— Required work —
Copy out, unchanged, the entries below from the "this 640×480 image." line to the final line. Omit pictures.

Saved entries:
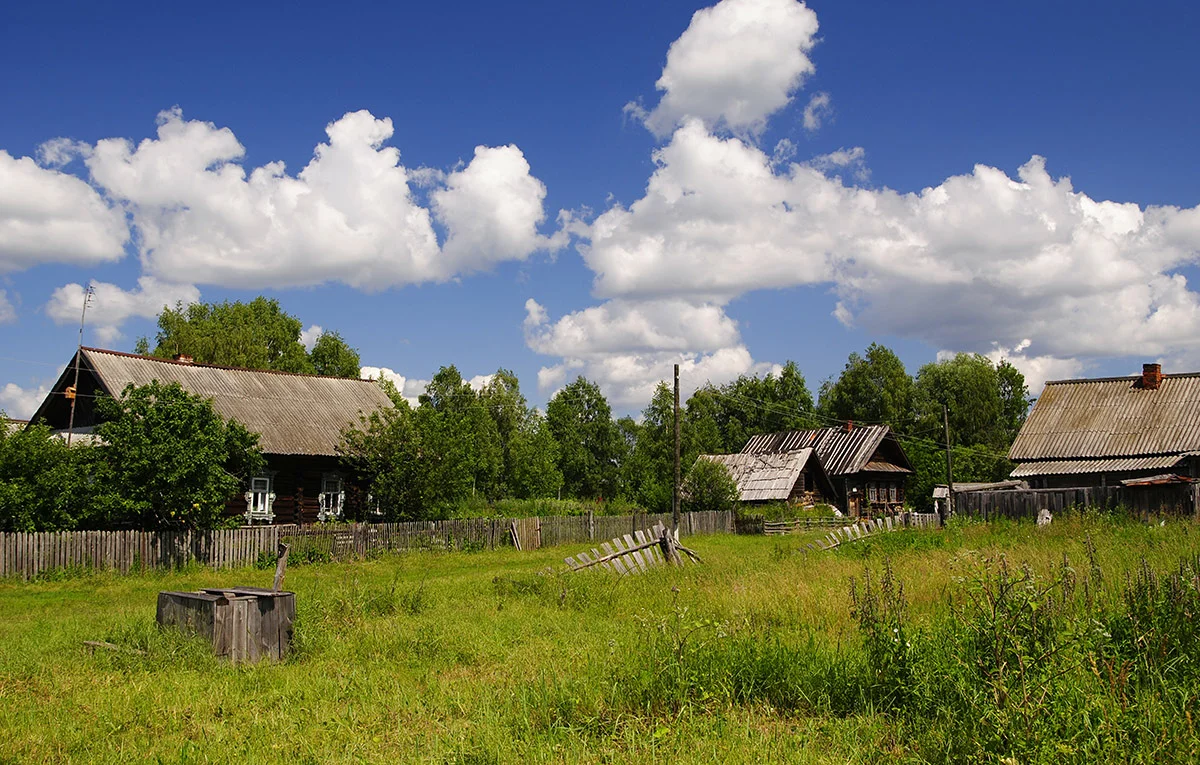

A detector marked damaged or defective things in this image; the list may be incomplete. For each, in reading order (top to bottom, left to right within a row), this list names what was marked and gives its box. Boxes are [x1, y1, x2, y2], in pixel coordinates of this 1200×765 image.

rusty roof panel [84, 350, 393, 458]
rusty roof panel [1012, 374, 1200, 460]
rusty roof panel [696, 450, 816, 503]
rusty roof panel [744, 429, 902, 477]
rusty roof panel [1008, 458, 1185, 477]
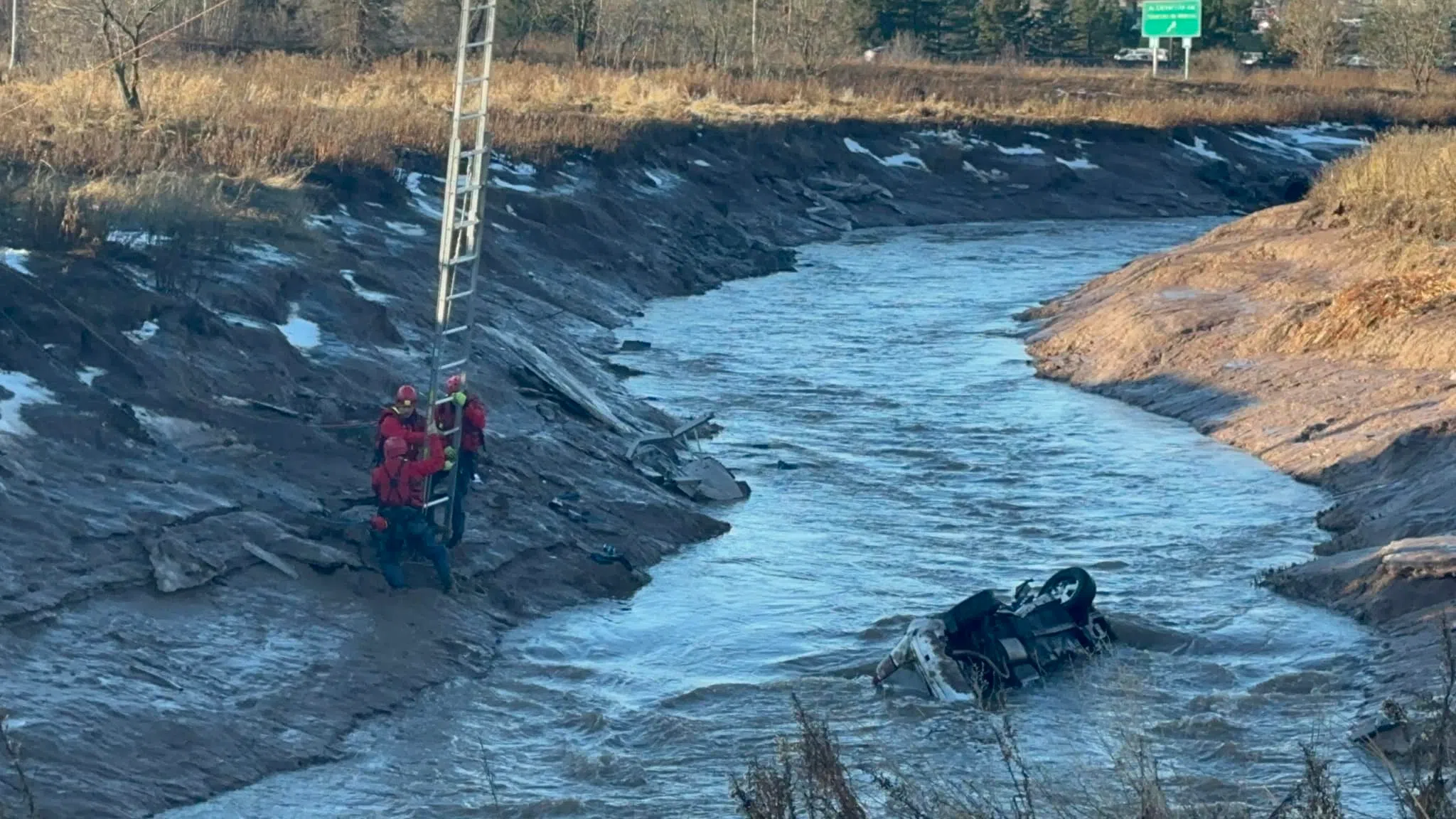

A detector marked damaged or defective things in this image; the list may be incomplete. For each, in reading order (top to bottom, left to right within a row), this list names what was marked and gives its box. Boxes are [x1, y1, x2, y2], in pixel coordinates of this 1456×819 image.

overturned vehicle [876, 569, 1115, 705]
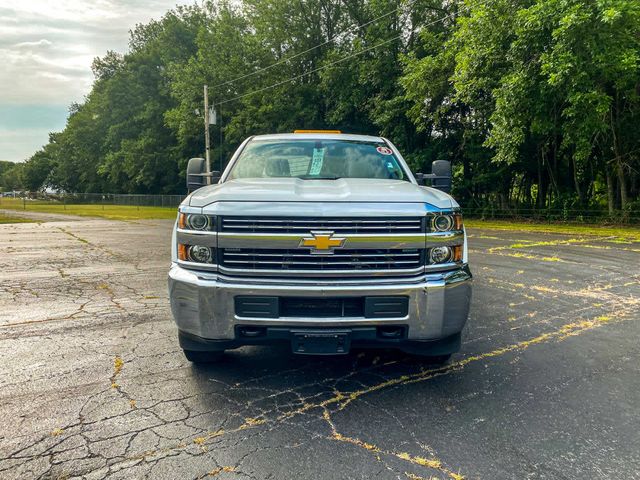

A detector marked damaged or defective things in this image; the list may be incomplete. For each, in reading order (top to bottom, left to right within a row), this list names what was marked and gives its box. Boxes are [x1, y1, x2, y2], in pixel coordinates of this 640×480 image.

cracked pavement [0, 218, 636, 480]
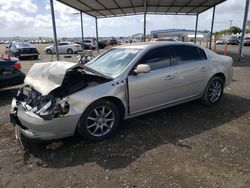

— Solution —
A detector marked damaged or defective things in this image; the list may be incomplete. For each, in reading order (top to bottom, left to right within a row), this list names what was marked and gives its box. Boxes are [x1, y1, x2, y2], in pixel coordinates of this 640×480 image.

cracked pavement [0, 218, 636, 480]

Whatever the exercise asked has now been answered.